Task statement: Output all the records word for word. Drop the pictures.

Dataset records:
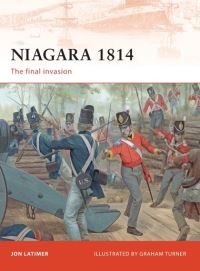 Book Cover for Niagara 1814 by Jon Latimer, Graham Turner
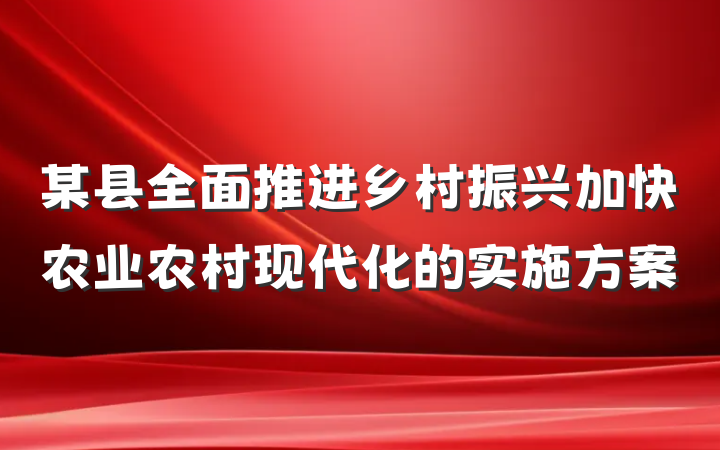 某县全面推进乡村振兴加快农业农村现代化的实施方案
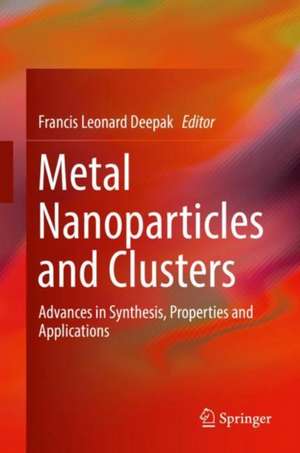 Metal Nanoparticles and Clusters: Advances in Synthesis, Properties and Applications de Francis Leonard Deepak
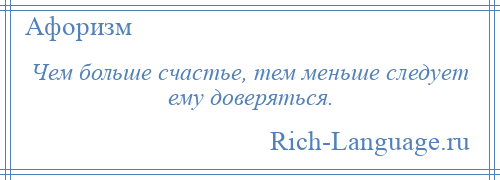 
    Чем больше счастье, тем меньше следует ему доверяться.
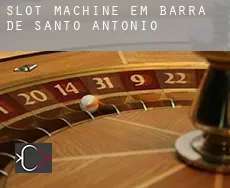 Slot machine em  Barra de Santo Antônio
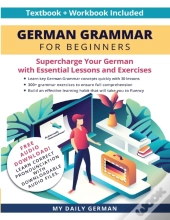 German Grammar For Beginners Textbook + Workbook Included
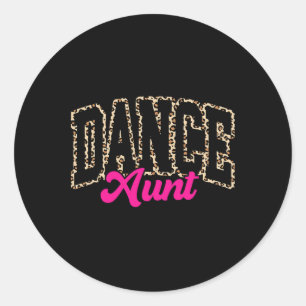 Dance Aunt Leopard Dancing Auntie Life Girls Women Classic Round Sticker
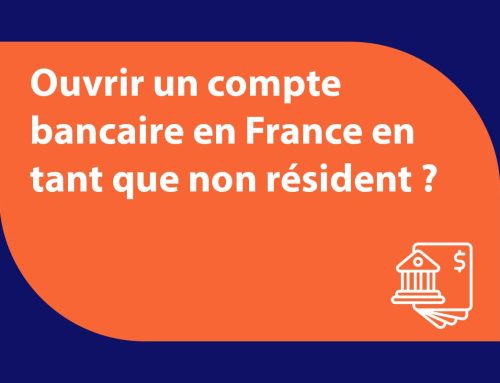 Est-il possible d’ouvrir un compte bancaire en France en tant que non résident ?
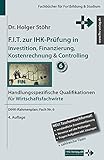 F.I.T. zur IHK-Prüfung in Investition, Finanzierung, Kostenrechnung & Controlling: Handlungsspezifische Qualifikationen für Wirtschaftsfachwirte (Fachbücher für Fortbildung & Studium)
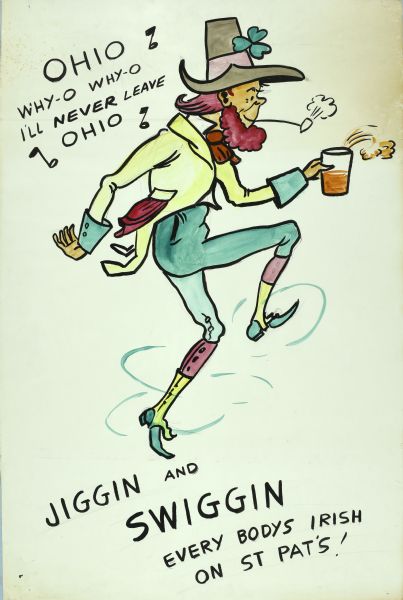 Poster for the Ohio Tavern. In the center is a caricature of an Irish leprechaun, smoking a pipe and dancing with a glass in his hand. In the upper left musical notes surround text in black which reads: "Ohio why-o why-o I'll never leave Ohio," and at the bottom, "Jiggin and swiggin Everybody's Irish on St. Pat's."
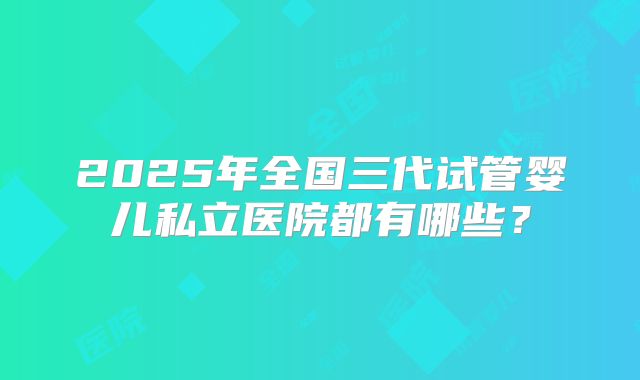 2025年全国三代试管婴儿私立医院都有哪些?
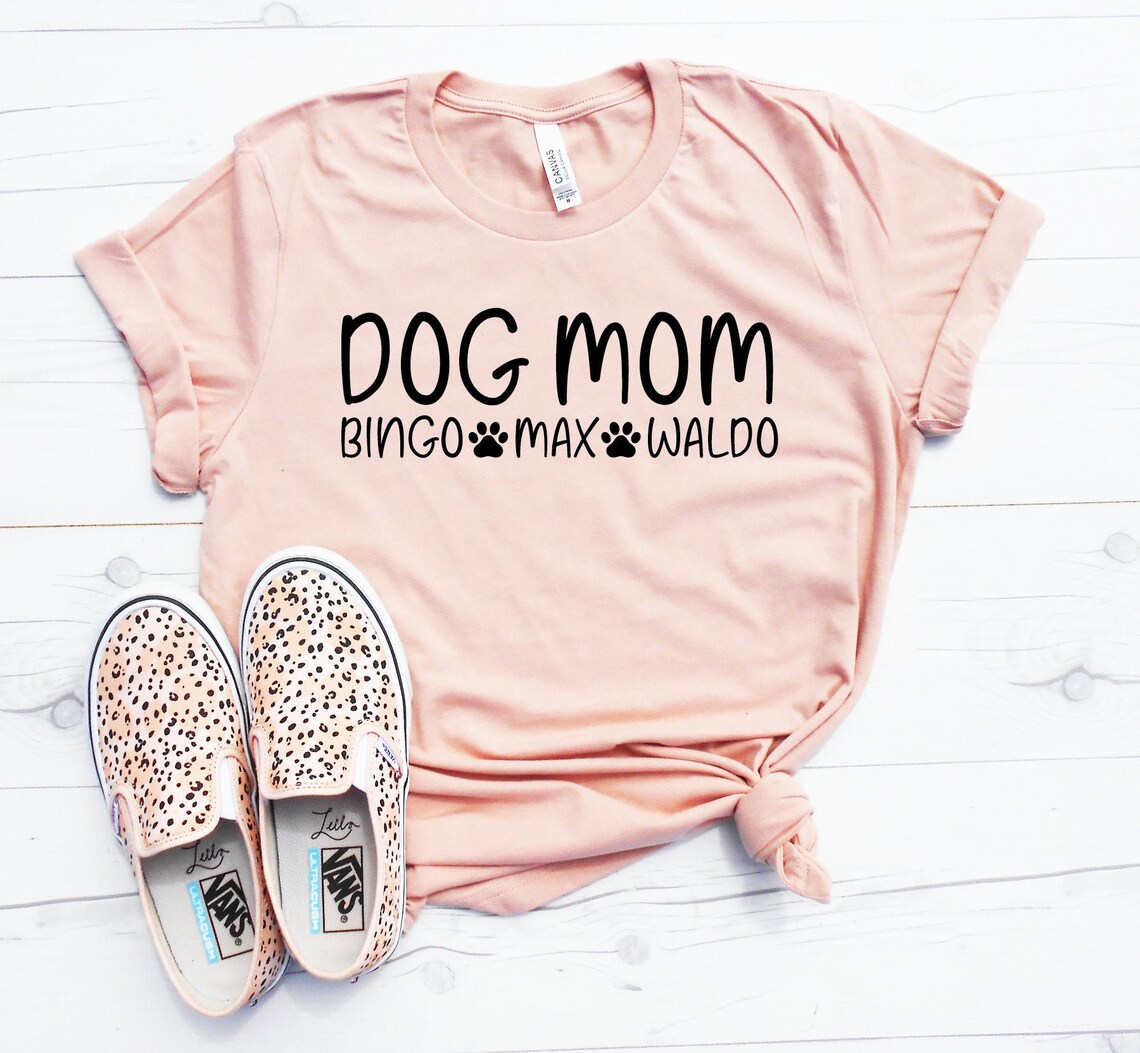 Dog Mom Shirt Dog Mom Tshirt Dog Owner Tee Dog Names Etsy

Response to this exercise:
 Book Cover for Niagara 1814 by Jon Latimer, Graham Turner
 某县全面推进乡村振兴加快农业农村现代化的实施方案
 Metal Nanoparticles and Clusters: Advances in Synthesis, Properties and Applications de Francis Leonard Deepak
    Чем больше счастье, тем меньше следует ему доверяться.
 Slot machine em  Barra de Santo Antônio
 German Grammar For Beginners Textbook + Workbook Included
 Dance Aunt Leopard Dancing Auntie Life Girls Women Classic Round Sticker
 Est-il possible d’ouvrir un compte bancaire en France en tant que non résident ?
 F.I.T. zur IHK-Prüfung in Investition, Finanzierung, Kostenrechnung & Controlling: Handlungsspezifische Qualifikationen für Wirtschaftsfachwirte (Fachbücher für Fortbildung & Studium)
 Poster for the Ohio Tavern. In the center is a caricature of an Irish leprechaun, smoking a pipe and dancing with a glass in his hand. In the upper left musical notes surround text in black which reads: "Ohio why-o why-o I'll never leave Ohio," and at the bottom, "Jiggin and swiggin Everybody's Irish on St. Pat's."
 2025年全国三代试管婴儿私立医院都有哪些?
 Dog Mom Shirt Dog Mom Tshirt Dog Owner Tee Dog Names Etsy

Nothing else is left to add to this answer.